### DATA FOR THIS TASK
----------

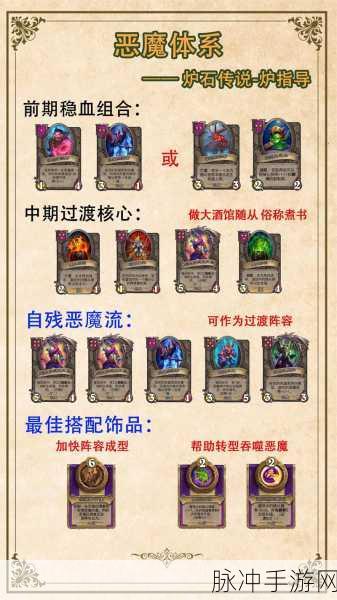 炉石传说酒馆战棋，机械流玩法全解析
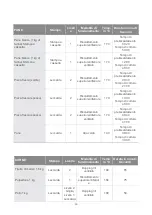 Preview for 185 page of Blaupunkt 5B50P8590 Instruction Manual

----------

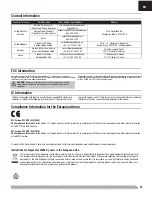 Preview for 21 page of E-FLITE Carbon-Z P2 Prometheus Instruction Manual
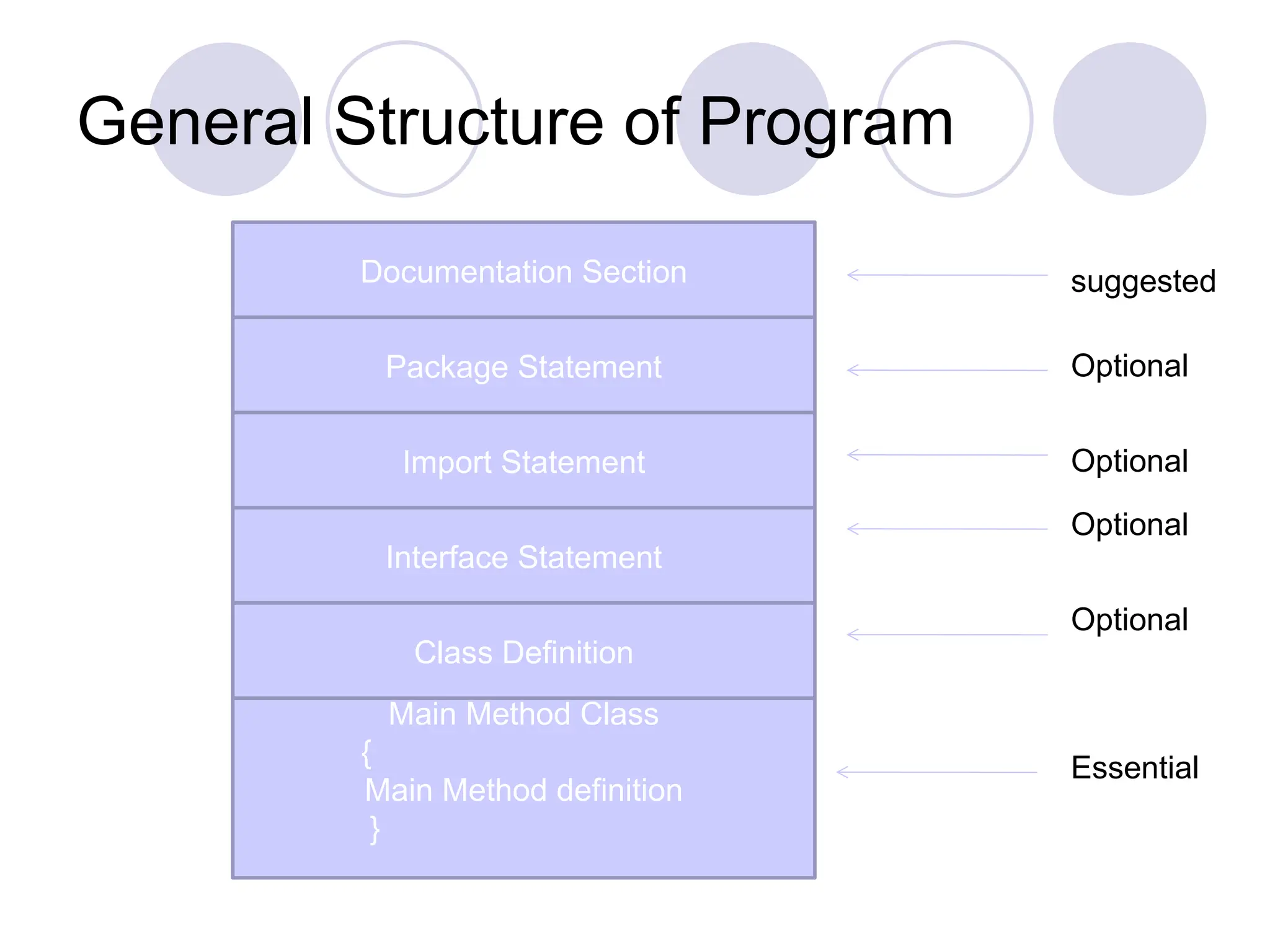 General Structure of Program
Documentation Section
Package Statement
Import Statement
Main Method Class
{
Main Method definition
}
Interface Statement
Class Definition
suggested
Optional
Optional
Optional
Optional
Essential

----------

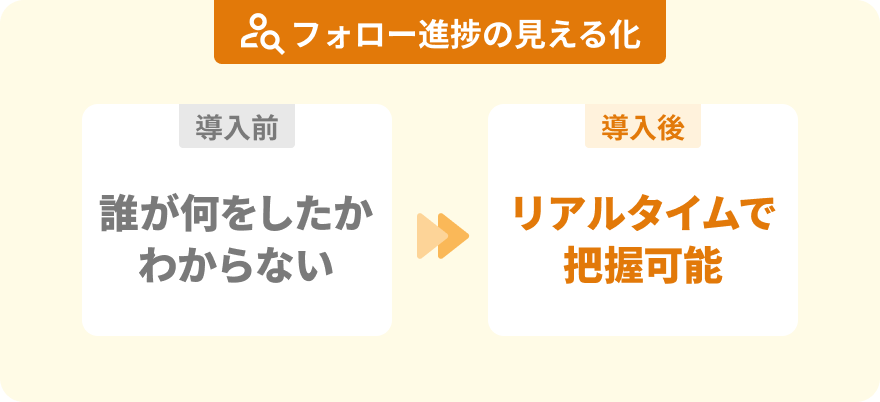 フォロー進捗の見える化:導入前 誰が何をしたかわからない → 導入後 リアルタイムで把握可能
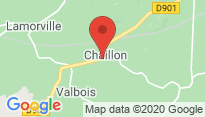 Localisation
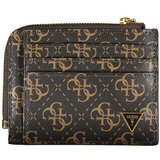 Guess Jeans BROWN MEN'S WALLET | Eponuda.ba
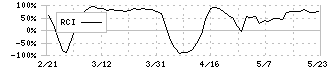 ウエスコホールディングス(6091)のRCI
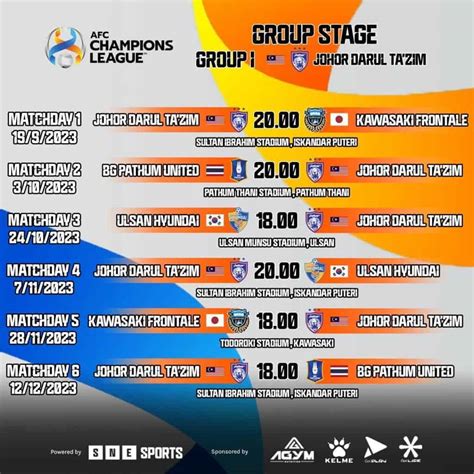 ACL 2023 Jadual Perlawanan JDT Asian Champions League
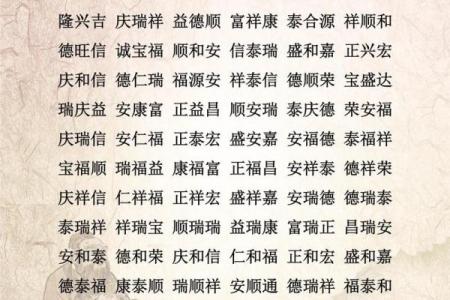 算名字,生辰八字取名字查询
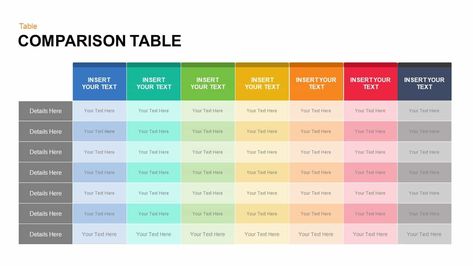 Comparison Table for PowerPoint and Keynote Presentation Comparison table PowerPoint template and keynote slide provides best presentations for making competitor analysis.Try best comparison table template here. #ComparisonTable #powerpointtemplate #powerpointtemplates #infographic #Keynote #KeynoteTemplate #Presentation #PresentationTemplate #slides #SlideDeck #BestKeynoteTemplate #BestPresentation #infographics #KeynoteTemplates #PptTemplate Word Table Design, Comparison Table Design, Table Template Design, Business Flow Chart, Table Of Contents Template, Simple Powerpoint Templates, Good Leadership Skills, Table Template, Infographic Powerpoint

----------

### TASK TO COMPLETE
Among the records above, locate the line containing "炉石传说酒馆战棋，机械流玩法全解析" and the line containing "Preview for 185", then transcribe exactly the lines starting at the first and ending at the second, with no pictures.

### COMPLETED TASK
 炉石传说酒馆战棋，机械流玩法全解析
 Preview for 185 page of Blaupunkt 5B50P8590 Instruction Manual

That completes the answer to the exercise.